Calculate density of neutrons in a beam

[xatu]

Problem:

A flux of 10^12 neutrons/m^2 emerges each second from a port in a nuclear reactor. If these neutrons have a Maxwell-Boltzmann energy distribution corresponding to T=300 K, calculate the density of neutrons in the beam.

Solution:

The average velocity of neutrons coming from the detector is [itex]\bar{v}=\sqrt{\frac{8kT}{πm}}[/itex].

Substituting the following,

k=1.38x10-23 J/K
T=300 K
m=1.675 x 10-27 kg

yields a velocity [itex]\bar{v}=2509 m/s[/itex]

A flux F is given by [itex]F=\rho\bar{v}[/itex] [itex]\Rightarrow \rho=\frac{F}{\bar{v}}[/itex]

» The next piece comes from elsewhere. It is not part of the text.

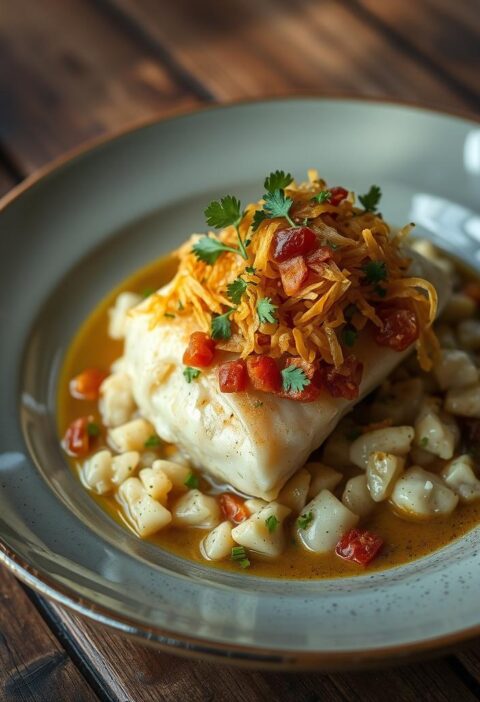 bacalhau com farofa crocante de cebola e bacon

Substituting F=10^12 m^-2 s^-1 and the obtained value above for [itex]\bar{v}[/itex] yields,

ρ=4 x 10^9 /m^3

However this disagrees with the value in my books which says the correct answer is 1.6 x 10^9 /m^3. I think it's a pretty straight-forward problem. Where did I go wrong?

 

[TSny]

There's a complication due to the fact that the average velocity of the neutrons emerging through the port is not the same as the average velocity of the neutrons inside the reactor. This causes a modification in the formula ##F = \rho \overline{v}##. See the middle of page 2 of these notes.

 

[xatu]

I see that the end result of the analysis yields a factor of 1/4. Using this modified formula, I then get the correct answer for the density.

However, it's not exactly clear from where the 1/4 arises. Could you please elaborate?

 

[TSny]

Consider all particles moving toward the opening in a certain direction. Particles with greater speed are more likely to make it through the opening during a fixed time interval dt than particles with less speed. So, the distribution of speeds of particles making it through the opening is shifted somewhat towards higher speeds compared to the Maxwellian distribution.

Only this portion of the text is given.